In fact, it’s not coincidental that it’s implosions of casinos on the Strip, and not implosions of office buildings in Henderson, that make Las Vegans camp out all night. Those, Borer says, happen on the Strip because “like it or not, we are the Strip.”

“Of course, we are much more than the Strip,” Borer continues, but all of us “seem to develop some relationship to the Strip.”

We work on the Strip or visit it. We drive across it, or drive on it, or try to avoid it completely. And it’s the only street in town that visitors want to see when they visit us.

The Strip is, “for better or worse, the beacon of light that glows right in the middle of the valley,” Borer says, and “the dominant character that dominates so many of the narratives that take place here.”

That makes anything that happens on the Strip important to all of us, Borer says, and that includes paying our respects to mourn or celebrate the death and imminent disappearance of one of the casinos along it. And, in doing so, and in sharing our personal and collective stories about that, we build a sense of community.

“One of the problems that people have within Las Vegas is that we don’t have many opportunities for collective rituals, and this is clearly one of them,” Borer says.

“It’s this collective desire to participate in something together where we can identify as Las Vegans. There is this desire, this need, for collective ritual.”

The irony, Borer says, is that “by destroying something, we create something else — certainly, that identity, that sense of belonging. Most importantly, by destroying (a hotel), we’re actually creating a sense of place.
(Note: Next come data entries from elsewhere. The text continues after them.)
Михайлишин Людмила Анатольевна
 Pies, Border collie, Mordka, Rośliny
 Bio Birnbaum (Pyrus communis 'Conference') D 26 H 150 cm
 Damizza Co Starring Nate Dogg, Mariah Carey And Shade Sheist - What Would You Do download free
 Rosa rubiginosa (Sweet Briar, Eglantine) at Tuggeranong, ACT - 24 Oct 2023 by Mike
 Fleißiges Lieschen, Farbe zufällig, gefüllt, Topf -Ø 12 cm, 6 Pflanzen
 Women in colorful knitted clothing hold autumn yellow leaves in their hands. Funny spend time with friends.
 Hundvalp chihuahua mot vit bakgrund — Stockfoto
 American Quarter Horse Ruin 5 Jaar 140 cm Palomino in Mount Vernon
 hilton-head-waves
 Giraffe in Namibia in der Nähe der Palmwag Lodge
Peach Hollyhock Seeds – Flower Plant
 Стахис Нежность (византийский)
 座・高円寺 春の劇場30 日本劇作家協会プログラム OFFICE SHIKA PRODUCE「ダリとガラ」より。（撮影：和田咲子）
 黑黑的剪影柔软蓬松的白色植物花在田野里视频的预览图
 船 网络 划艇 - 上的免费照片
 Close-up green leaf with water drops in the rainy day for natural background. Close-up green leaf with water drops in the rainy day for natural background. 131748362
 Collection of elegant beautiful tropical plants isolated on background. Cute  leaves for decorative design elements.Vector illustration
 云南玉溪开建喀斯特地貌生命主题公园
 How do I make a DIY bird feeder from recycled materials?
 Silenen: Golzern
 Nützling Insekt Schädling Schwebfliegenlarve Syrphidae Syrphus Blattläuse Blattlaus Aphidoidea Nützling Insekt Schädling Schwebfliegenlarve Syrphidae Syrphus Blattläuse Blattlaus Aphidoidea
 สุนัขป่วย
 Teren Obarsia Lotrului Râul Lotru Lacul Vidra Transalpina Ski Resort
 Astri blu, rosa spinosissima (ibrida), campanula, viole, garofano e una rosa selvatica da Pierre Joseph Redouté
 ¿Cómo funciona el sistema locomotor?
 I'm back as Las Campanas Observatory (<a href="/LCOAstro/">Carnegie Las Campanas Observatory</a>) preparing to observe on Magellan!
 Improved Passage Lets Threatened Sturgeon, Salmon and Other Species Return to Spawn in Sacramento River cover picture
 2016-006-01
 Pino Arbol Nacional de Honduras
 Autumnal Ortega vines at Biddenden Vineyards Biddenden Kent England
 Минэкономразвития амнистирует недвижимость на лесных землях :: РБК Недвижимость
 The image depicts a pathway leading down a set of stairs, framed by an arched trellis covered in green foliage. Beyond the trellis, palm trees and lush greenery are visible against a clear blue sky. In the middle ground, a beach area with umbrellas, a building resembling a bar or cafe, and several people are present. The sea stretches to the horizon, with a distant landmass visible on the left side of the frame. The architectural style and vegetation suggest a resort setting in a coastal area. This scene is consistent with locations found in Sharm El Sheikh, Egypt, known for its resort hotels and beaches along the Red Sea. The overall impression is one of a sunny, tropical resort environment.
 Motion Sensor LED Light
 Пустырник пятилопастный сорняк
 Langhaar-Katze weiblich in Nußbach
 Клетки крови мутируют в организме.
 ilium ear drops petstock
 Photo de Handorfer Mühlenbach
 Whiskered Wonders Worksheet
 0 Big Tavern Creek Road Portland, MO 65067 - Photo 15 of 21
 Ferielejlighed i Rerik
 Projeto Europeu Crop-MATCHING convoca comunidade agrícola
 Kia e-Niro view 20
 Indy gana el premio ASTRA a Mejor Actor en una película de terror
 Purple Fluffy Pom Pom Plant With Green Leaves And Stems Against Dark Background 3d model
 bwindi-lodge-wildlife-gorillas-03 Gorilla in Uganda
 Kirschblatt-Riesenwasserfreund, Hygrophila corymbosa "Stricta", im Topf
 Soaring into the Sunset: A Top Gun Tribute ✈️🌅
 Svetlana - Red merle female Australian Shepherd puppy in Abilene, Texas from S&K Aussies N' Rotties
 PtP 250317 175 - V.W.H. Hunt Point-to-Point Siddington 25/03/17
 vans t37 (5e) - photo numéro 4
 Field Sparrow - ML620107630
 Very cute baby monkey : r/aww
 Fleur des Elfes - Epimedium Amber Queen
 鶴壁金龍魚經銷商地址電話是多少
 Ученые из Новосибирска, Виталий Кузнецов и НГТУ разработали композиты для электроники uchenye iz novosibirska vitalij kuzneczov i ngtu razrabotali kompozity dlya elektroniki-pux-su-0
A person may not have a slew of memories of the Riviera, but they’ll have this one now and that will create some connection to Las Vegas.”

Now, all of this makes sense and certainly rings true. But don’t forget another reason why casino implosions are so popular.

Stuff. Blowed. Up.

There is “a certain fascination” with watching a building collapse, Hall-Patton says. The problem is that building collapses in real life usually involve horrible consequences.

“We don’t like hearing about earthquakes when buildings collapse and hundreds are killed,” he says. “That’s a terrible tragedy.”

In contrast, watching a casino implosion allows us to experience the primal, even childlike excitement of watching a building fall down without the risk of real-life consequences to either others or ourselves.

Besides, how cool is it to watch a spectacle that comes to us without special effects, computer-generated imagery or having to watch Stallone or Schwarzenegger? And if anybody’s going to pull off a magic trick that’d make anything any Strip magician ever has done pale by comparison, why wouldn’t it be Las Vegas?

“I grew up in the Midwest and I was used to seeing old corn silos come down,” says Jeremy Handel, a spokesman for the Las Vegas Convention and Visitors Authority. “I think there is intrigue in the precision to it and just the engineering behind it. You think, ‘How are they going to make that land in a little spot?’ “

A casino implosion “can be a performance,” Hall-Patton says, “and who does performance better than Las Vegas?”

So count casino implosions as — like inexpensive eats, vaudeville-type shows and gratuitous nudity — something that Las Vegas didn’t invent but certainly helped to perfect.

“People blow up buildings all over the world,” Hall-Patton says. “But the whole idea of putting it into a party? That’s a Vegas thing.”